Department of Pediatrics, Pusan National University Children's Hospital, Pusan National University School of Medicine, Yangsan, Korea.
Ann Pediatr Endocrinol Metab. 2015 Sep;20(3):162-5. doi: 10.6065/apem.2015.20.3.162. Epub 2015 Sep 30.
Leri-Weill dyschondrosteosis is characterized by SHOX deficiency, Madelung deformity, and mesomelic short stature. In addition, SHOX deficiency is associated with idiopathic short stature, Turner syndrome, and Langer mesomelic dysplasia. We report the first case of a Leri-Weill dyschondrosteosis patient confirmed by SHOX gene mutation analysis in Korea. The patient, who was a 7-year-old female, showed short stature. Her height and weight were 108.9 cm (<3rd percentile) and 19.7 kg (5th-10th percentile), respectively. Her arm span, height of trunk, leg length, and sitting length were 100.5 cm, 58 cm, 50.9 cm, and 62.5 cm, respectively. Her body proportion was 1.13:1. Extremities to trunk ratio was 2.61. Her hand radiograph showed Madelung deformity. And the growth hormone stimulation test showed a normal response. Furthermore, because of Madelung deformity with idiopathic short stature, she was suspected of SHOX deficiency. We performed SHOX gene mutation analysis and found a c.491G>A (p.W164X) mutation of the SHOX gene. Accordingly, this patient was diagnosed with Leri-Weill dyschondrosteosis. Recently, many mutations have been reported in the SHOX gene. However, to date, mutation analysis of the SHOX gene for Leri-Weill dyschondrosteosis has not been reported in Korea as yet. We report the first case of a Leri-Weill dyschondrosteosis patient confirmed by mutation analysis of the SHOX gene.

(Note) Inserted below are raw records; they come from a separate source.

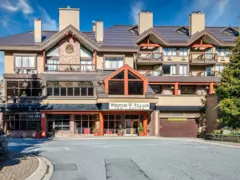 361 4429 Sundial Place, Whistler, BC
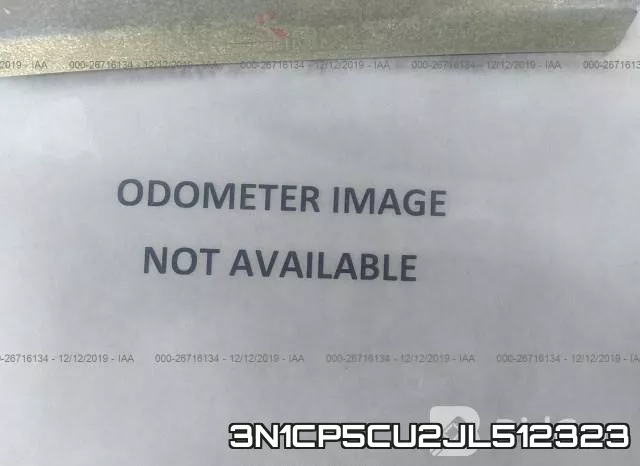 3N1CP5CU2JL512323 фото 6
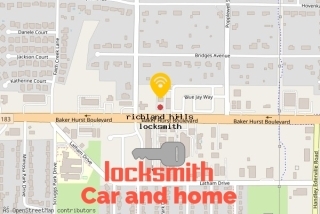 locksmith inrichland hills - locksmith in richland hills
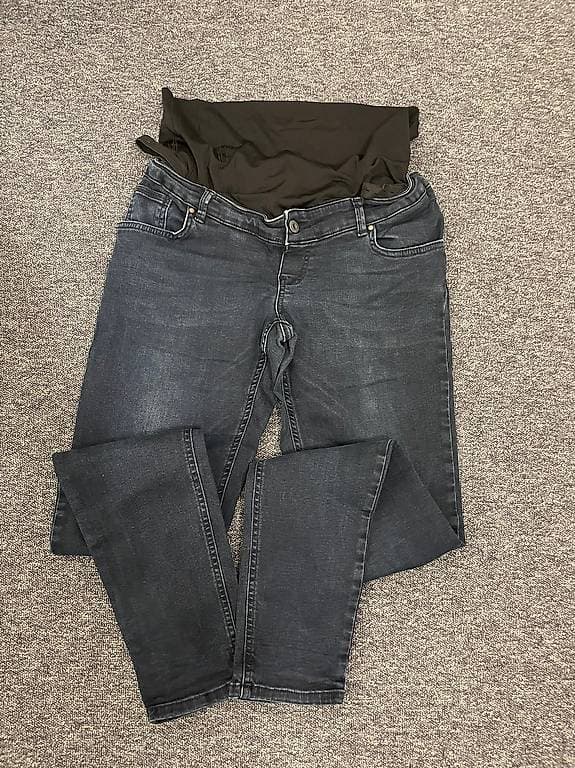 Umstands Jeans Gr. 42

莱里-韦尔软骨发育不全症的特征是矮小同源盒基因(SHOX)缺乏、马德隆畸形和中肢短小身材。此外,SHOX缺乏与特发性矮小症、特纳综合征和朗格中肢发育不良有关。我们报告了韩国首例经SHOX基因突变分析确诊的莱里-韦尔软骨发育不全症患者。该患者为一名7岁女性,身材矮小。她的身高和体重分别为108.9厘米(低于第3百分位数)和19.7千克(第5至第10百分位数)。她的臂展、躯干高度、腿长和坐高分别为100.5厘米、58厘米、50.9厘米和62.5厘米。她的身体比例为1.13:1。四肢与躯干的比例为2.61。她的手部X光片显示出马德隆畸形。生长激素刺激试验显示反应正常。此外,由于患有马德隆畸形和特发性矮小症,她被怀疑存在SHOX缺乏。我们进行了SHOX基因突变分析,发现SHOX基因存在c.491G>A(p.W164X)突变。因此,该患者被诊断为莱里-韦尔软骨发育不全症。最近,SHOX基因已报道了许多突变。然而,迄今为止,韩国尚未报道过针对莱里-韦尔软骨发育不全症的SHOX基因突变分析。我们报告了首例经SHOX基因突变分析确诊的莱里-韦尔软骨发育不全症患者。